Wake-up cost (L0 + L1)

████░░░░░░░░░░░░░░░░░░░░░░░░░░░░░░░░░░░░ ~5%

~600-900 tokens out of any context window

Everything else: free for conversation

░░░░████████████████████████████████████ ~95%

L2 and L3 load only when needed

Wake-up cost: L0 + L1 = ~600-900 tokens. That's under 5% of even a small context window.

python mempal.py wake-up                    # show L0 + L1
python mempal.py wake-up --wing my_app      # wake-up scoped to one project

Setting up your identity (L0)

Create ~/.mempal/identity.txt:

I am Atlas, a personal AI assistant for Alice.
Traits: warm, direct, remembers everything.
Current project: A journaling app that helps people process emotions.

This is plain text you write yourself. It becomes the first thing loaded into every session.


AAAK Dialect Compression

Why this matters

Every AI model has a context window. Even a million-token window fills up when you're loading memory from hundreds of past conversations. The standard approach is to summarize — but summaries are lossy. An LLM summarizing your conversation drops the exact quote, the specific person who said it, the emotional weight of the moment, the connection to what came before.
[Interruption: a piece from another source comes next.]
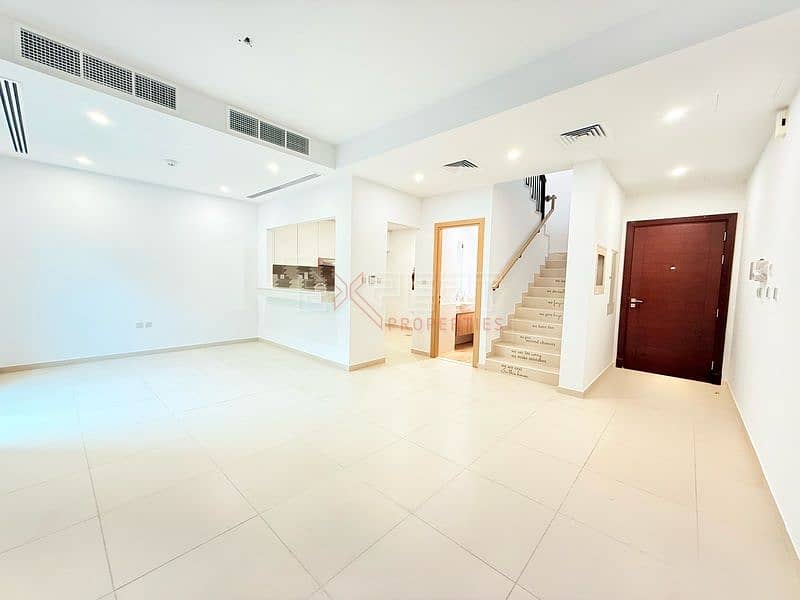 Single Row 3Bed + Maid Villa | Direct Access to Amenities Single Row 3Bed + Maid Villa | Direct Access to Amenities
You get a bland paragraph that says "the team discussed database options" instead of the actual decision, who made it, why, and what they were feeling when they did.

AAAK is a lossless compression dialect — it preserves every fact, every person, every emotion, every connection, just in a denser format. The key insight: LLMs can read structured shorthand just as well as prose. So instead of spending 5,000 tokens on a full conversation transcript, you spend 170 tokens on an AAAK-compressed version that contains the same information.
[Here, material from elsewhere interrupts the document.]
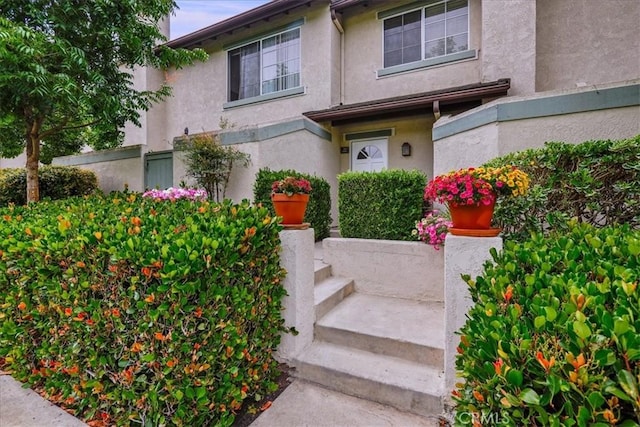 11 Exeter, Irvine, CA 92612 - entrance to property with stucco siding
This is the difference between "the team discussed auth" and knowing that Alice and Bob decided to switch to Postgres because Redis sessions weren't ACID-compliant, that it was a high-stakes pivot, and that the emotional arc went from doubt to determination to relief.

What it looks like

Before (raw conversation, ~5,000 tokens):

So Alice and I had a long discussion about the auth system yesterday. We've been going back and forth for weeks honestly. Bob was really pushing for keeping Redis for session storage but Alice kept pointing out that the sessions weren't ACID compliant and we'd already had two incidents where session data got corrupted during peak load. It was a tough call because the Redis implementation was already done, but ultimately we decided to switch to Postgres. Alice felt really relieved afterward — she'd been worried about this for a while. She stayed up that night and wrote the entire migration test suite, which honestly was impressive...
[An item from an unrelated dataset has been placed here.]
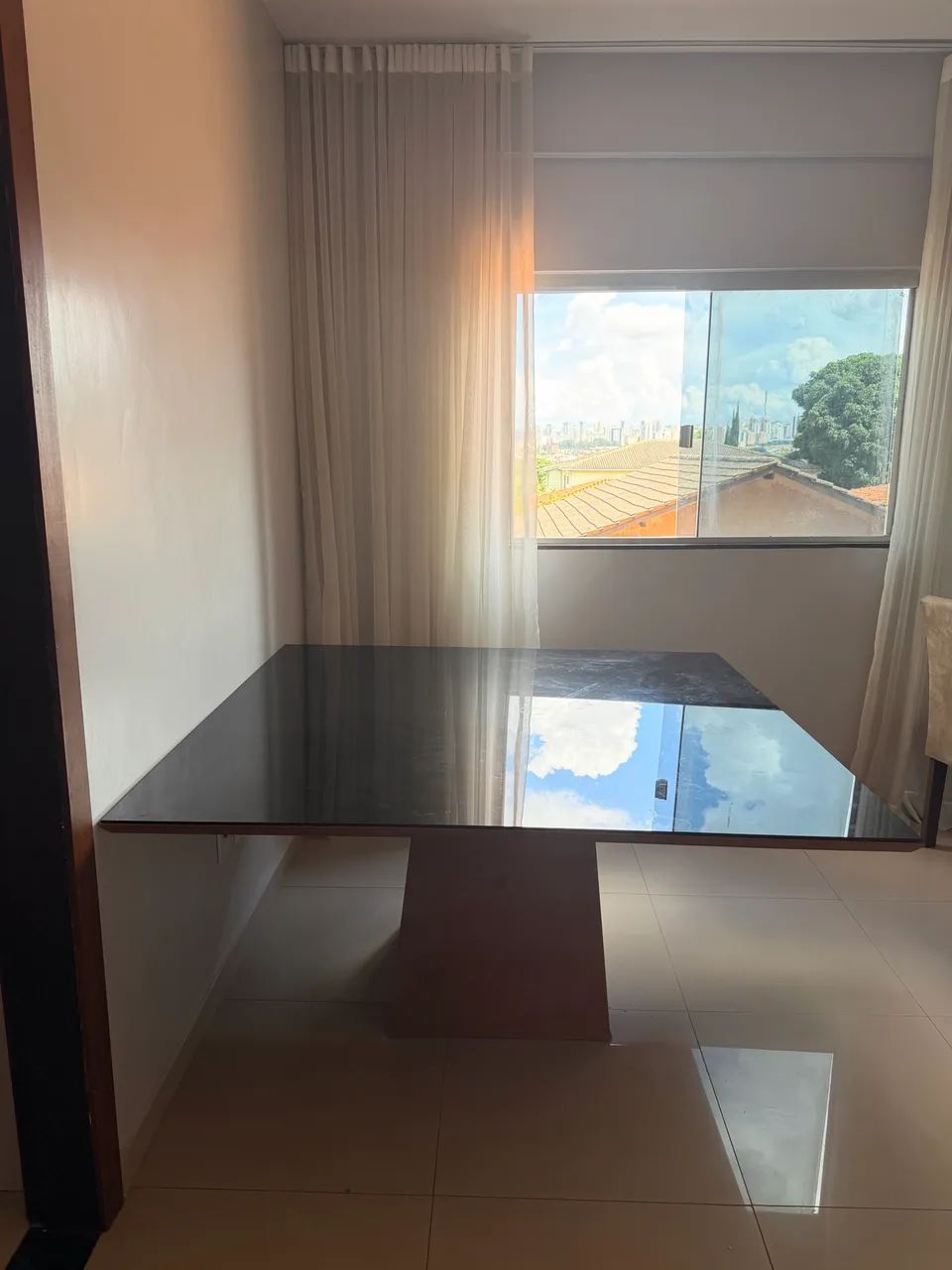 Dining Table65704316878211120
After (AAAK compressed, ~170 tokens):

FILE_042|ALC|2026-03-15|Auth migration decision
Z1:ALC,BOB|auth,postgres,migration|"switched to Postgres because Redis sessions weren't ACID"|W8|trust,relief|DECISION,PIVOT
Z2:ALC|testing,integration|"wrote the migration test suite overnight"|W6|determ,satis|MILESTONE
T:Z1<->Z2|caused_by
ARC:doubt->determ->relief

~30x smaller. Nothing lost. Any LLM can read this and reconstruct the full meaning: who was involved, what was decided, why, the key quote, the emotional context, and how the two events connect.

What an LLM summary would produce from the same conversation:

"The team discussed the auth system and decided to migrate from Redis to Postgres for session storage. A test suite was written afterward."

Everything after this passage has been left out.